# *Possibility of an unofficial competition in Gowanda, New York*



## Homeschool Cubing (Aug 24, 2022)

So my Dad is the pastor at our church, and we have been thinking about doing an unofficial cubing competition in Gowanda, NY. Nothing is decided yet, I just wanted to see if anyone here could possibly be interested. Here are a few important things about this competition (if it happens):

-Masks / Negative tests would not be required.
-Registration would be free of charge.
-We are looking to get 20-40 competitors.
-We would format this just like a WCA competition, with groups and rounds, and likely a regular average of 5 for each competitor in each event.
-We would likely have 2x2, 3x3, 3x3 OH, Pyraminx, Square-1, Skewb, and possibly Mirror Blocks just for fun.

If you have any suggestions or questions, please go ahead and reply to this post.


----------



## Owen Morrison (Aug 24, 2022)

Why not just host an official one?


----------



## LBr (Aug 24, 2022)

Owen Morrison said:


> Why not just host an official one?


I guess if you hold it at your dads church then it could be popular on the wca if reg is free.

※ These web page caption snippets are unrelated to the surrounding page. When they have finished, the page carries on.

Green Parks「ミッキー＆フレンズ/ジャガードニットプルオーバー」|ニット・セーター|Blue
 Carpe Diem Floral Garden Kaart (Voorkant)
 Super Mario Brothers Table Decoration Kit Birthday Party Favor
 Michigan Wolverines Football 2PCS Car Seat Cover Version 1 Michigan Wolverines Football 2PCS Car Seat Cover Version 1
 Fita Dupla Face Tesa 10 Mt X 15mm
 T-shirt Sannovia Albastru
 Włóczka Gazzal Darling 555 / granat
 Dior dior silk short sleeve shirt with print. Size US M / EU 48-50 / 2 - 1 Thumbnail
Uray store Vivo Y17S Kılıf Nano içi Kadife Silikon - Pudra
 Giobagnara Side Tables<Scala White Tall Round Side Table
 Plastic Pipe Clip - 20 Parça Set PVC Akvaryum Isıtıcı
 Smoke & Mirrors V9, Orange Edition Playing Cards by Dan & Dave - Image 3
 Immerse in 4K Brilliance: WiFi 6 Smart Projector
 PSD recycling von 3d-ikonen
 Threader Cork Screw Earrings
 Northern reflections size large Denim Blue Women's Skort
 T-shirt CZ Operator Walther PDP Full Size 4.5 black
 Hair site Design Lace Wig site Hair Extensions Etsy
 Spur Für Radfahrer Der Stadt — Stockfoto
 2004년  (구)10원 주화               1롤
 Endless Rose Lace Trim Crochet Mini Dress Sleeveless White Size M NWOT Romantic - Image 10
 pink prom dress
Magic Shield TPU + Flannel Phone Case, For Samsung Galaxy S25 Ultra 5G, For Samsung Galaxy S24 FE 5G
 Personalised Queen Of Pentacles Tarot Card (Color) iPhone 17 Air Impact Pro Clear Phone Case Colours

the only thing would be to get a delegate on board and crank up competitor numbers, in other words scale it up


----------



## DynaXT (Aug 24, 2022)

Yeah, if you get a delegate and make it official it’s probably going to attract more people anyway. If that happens I’d probably go if it doesn’t clash with other plans.


----------



## Homeschool Cubing (Aug 25, 2022)

DynaXT said:


> Yeah, if you get a delegate and make it official it’s probably going to attract more people anyway. If that happens I’d probably go if it doesn’t clash with other plans.





LBr said:


> I guess if you hold it at your dads church then it could be popular on the wca if reg is free.
> 
> the only thing would be to get a delegate on board and crank up competitor numbers, in other words scale it up





Owen Morrison said:


> Why not just host an official one?


The main reason we don't want to host an official competition is because (A) we live far away from any delegates, and (B) if it was WCA it would be tough to have it be free and to not require masks / negative tests.


----------



## DynaXT (Aug 25, 2022)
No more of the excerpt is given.